David M. Solomon, the company’s current president, will replace Lloyd Blankfein as CEO in October, Goldman Sachs said in a statement. Blankfein, who ran the firm since 2006 and guided it through a financial crisis, will retire from his position as chairman.
The news comes as the company reported improved financial earnings, beating expectations for its second quarter, CNBC reported.
"I am honored and humbled to have the opportunity to lead Goldman Sachs and I appreciate the confidence Lloyd and the Board of Directors have placed in me," Solomon said in a statement. "I am excited about the opportunities for growth and know how vital our culture of client service and teamwork is to our success."
However, the 54-year-old perhaps breaks the mold of a traditional country club CEO. The native of Westchester County, New York, has an affinity for dance music, practices yoga, collects wine and moonlights as a DJs at least once a month in clubs in Miami and New York under the moniker D-Sol.
"I always loved music," Solomon said in a Goldman Sachs podcast. "I was a very analog guy. When I was in college, I must have had over 1,000 LPs, vinyl albums."
Solomon also produces his own music and in January released a remix of Fleetwood Mac's song, "Don't Stop." Under the record label Crowd Records, Solomon re-released the song with an extended version on Spotify and Apple Music in June.
He's also an avid wine collector and doesn't mind toting bottles from his cellar to restaurants.
Solomon graduated with a bachelor of arts degree in political science and government from Hamilton College, a private university in Clinton, New York, with less than 2,000 undergraduates.
After working for Drexler Burnham and Bear Stearns, he moved on to Goldman Sachs in 1999 as an investment banker after heading the investment banking division at Bear Stearns. Solomon rose through Goldman’s ranks and earned his role leading its investment banking unit in 2006.
In a podcast in September 2017, Solomon seemed to strike a pragmatic and versatile approach amid the bull market.
"We are extremely focused on finding ways, in a business that continues to change, to add value to our asset management clients -- one of the things that we can bring to the table that are really differentiated.
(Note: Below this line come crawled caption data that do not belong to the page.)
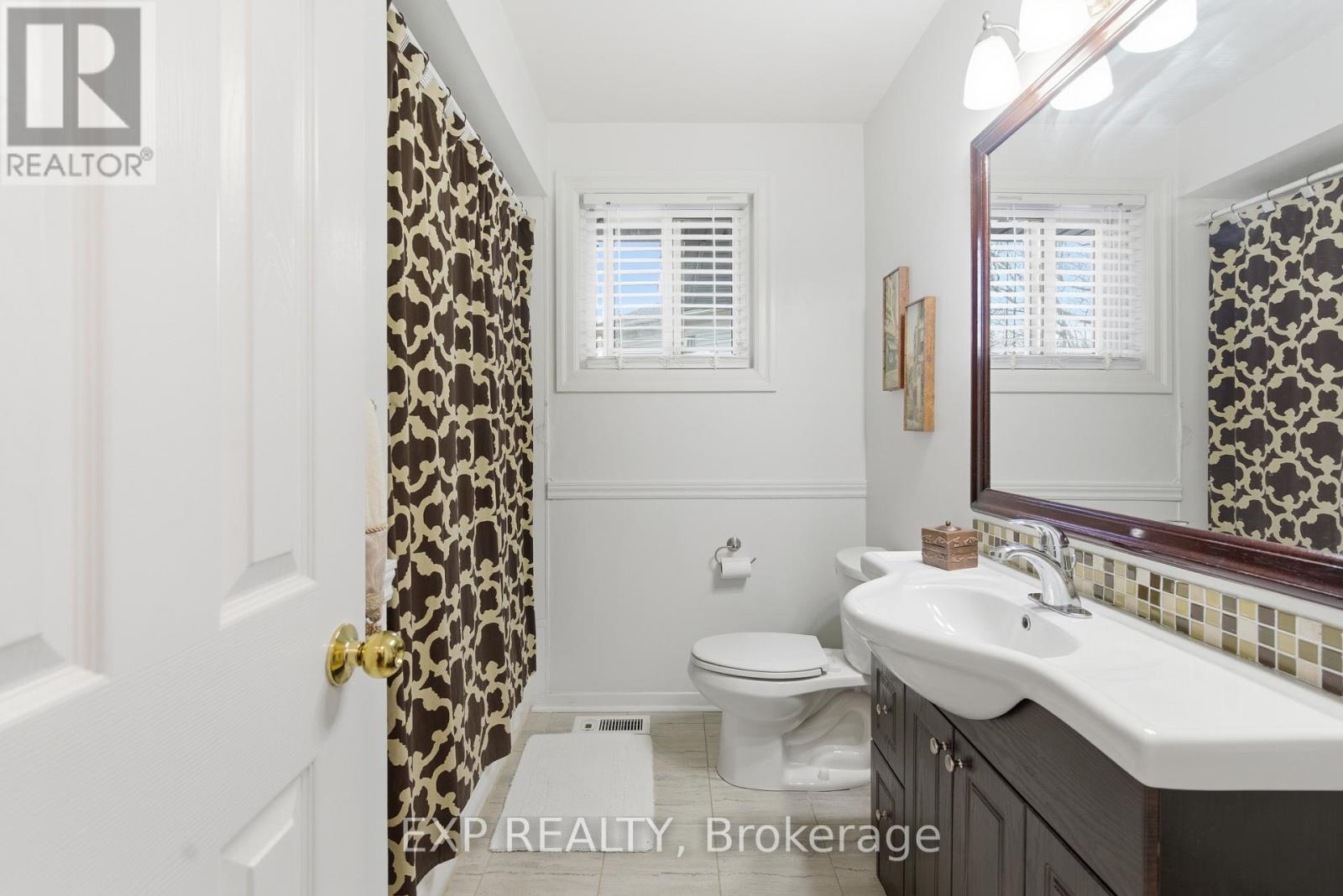 510 1/2 NIAGARA STREET - 19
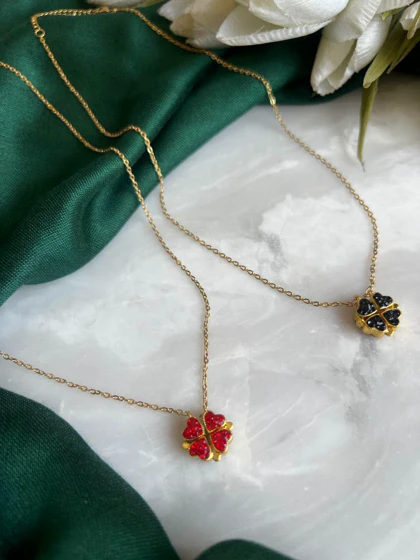 گردنبند طرح عشق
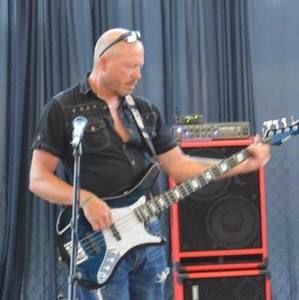 Meet your Posher, Lonnie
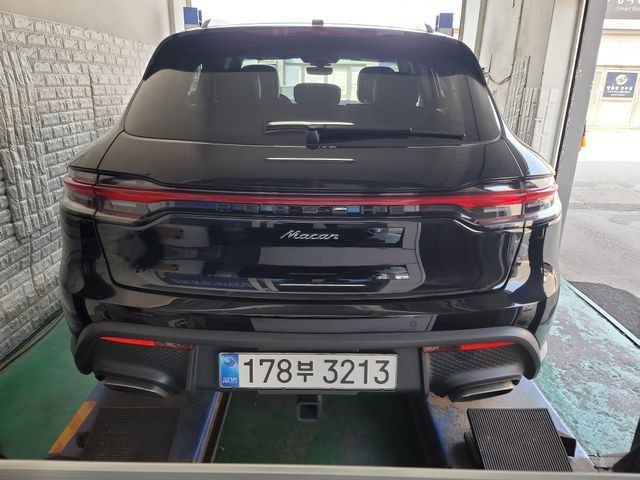 Porsche Macan 2024 — inspection photo 2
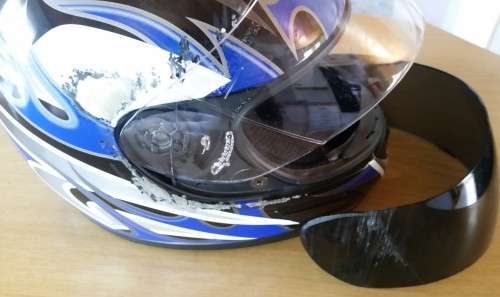 VEGA HELMET SIZE MEDIUM (PLEASE READ)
We do play in some of the passive management products: we have an ETF business that we're building and we're growing. There's no question that there is a time and place for those products," said Solomon.
He also boasted of the famed investment firm's ability to promote a healthy workplace for employees.
"You have to create an atmosphere where people can work hard but also have opportunities to have a life, play hard and to have some balance in all of that," Solomon said. "It's not an easy thing to get right but I think it's our job to figure out how to do that. We've done a lot to set some boundaries."